EXERCISE DATA:

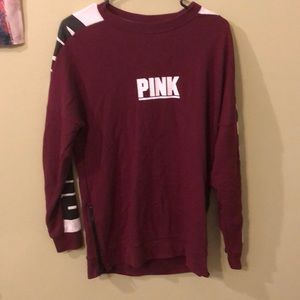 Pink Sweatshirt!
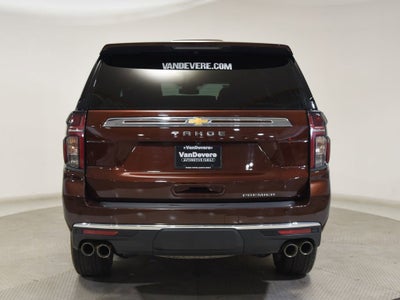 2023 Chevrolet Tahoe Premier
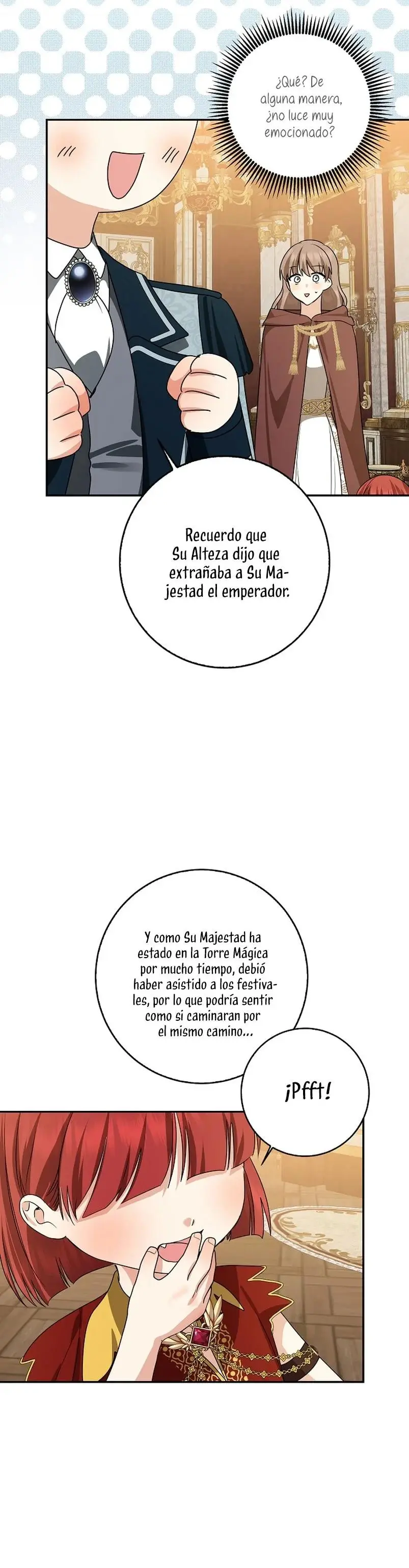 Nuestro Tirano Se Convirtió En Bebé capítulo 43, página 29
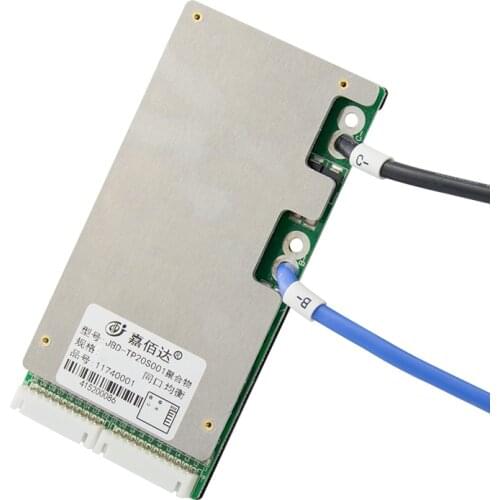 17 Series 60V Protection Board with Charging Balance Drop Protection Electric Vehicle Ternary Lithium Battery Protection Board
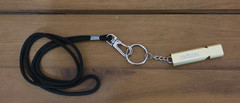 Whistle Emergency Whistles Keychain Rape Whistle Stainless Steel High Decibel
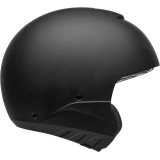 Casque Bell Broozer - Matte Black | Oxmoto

* * *

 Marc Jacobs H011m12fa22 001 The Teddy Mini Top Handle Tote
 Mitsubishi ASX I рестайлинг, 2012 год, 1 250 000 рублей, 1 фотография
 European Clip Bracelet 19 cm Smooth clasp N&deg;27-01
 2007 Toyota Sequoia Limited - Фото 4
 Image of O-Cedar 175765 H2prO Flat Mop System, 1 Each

* * *

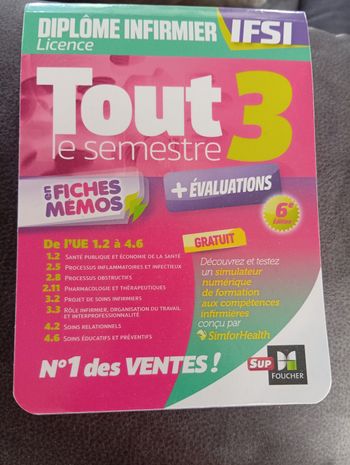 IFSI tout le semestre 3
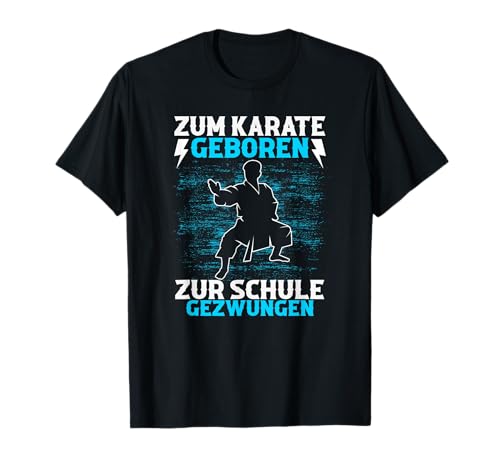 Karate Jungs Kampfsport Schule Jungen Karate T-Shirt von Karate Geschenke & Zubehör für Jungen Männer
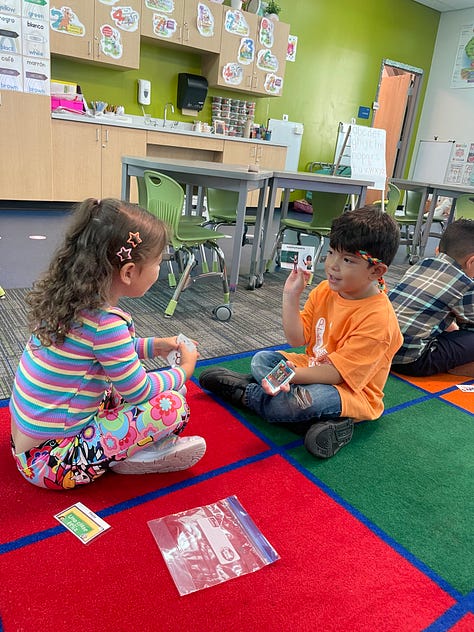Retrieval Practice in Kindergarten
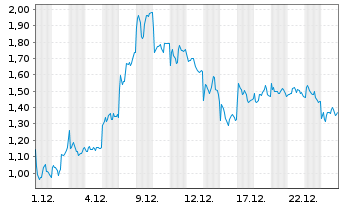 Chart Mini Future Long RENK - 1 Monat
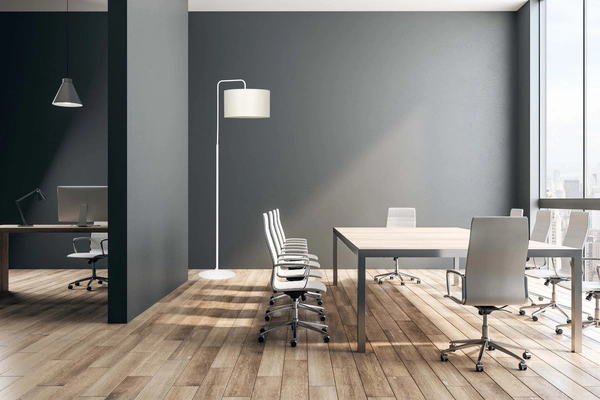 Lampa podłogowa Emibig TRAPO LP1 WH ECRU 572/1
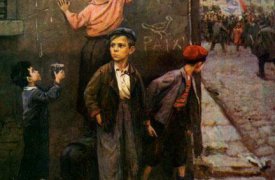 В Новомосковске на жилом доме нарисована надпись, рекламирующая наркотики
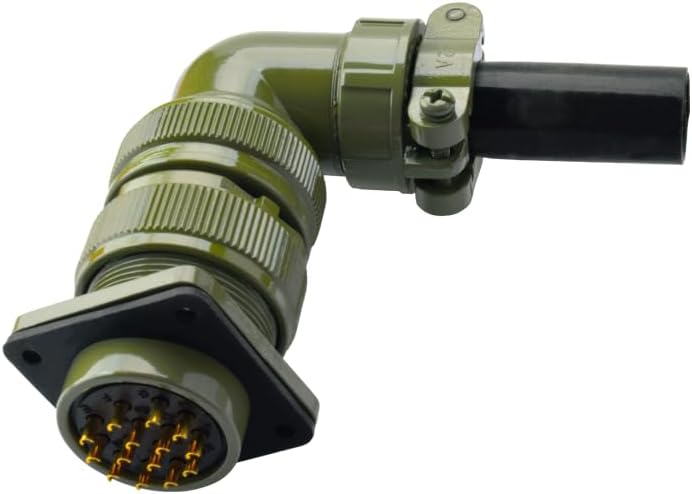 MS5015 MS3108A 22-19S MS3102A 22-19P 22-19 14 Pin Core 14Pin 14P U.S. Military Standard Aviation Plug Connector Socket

EXERCISE BRIEF:
Repeat the entries above verbatim, but only from the line that has "Mitsubishi ASX I" down to the line that has "Image of O-Cedar", inclusive.

ANSWER TO THIS TASK:
 Mitsubishi ASX I рестайлинг, 2012 год, 1 250 000 рублей, 1 фотография
 European Clip Bracelet 19 cm Smooth clasp N&deg;27-01
 2007 Toyota Sequoia Limited - Фото 4
 Image of O-Cedar 175765 H2prO Flat Mop System, 1 Each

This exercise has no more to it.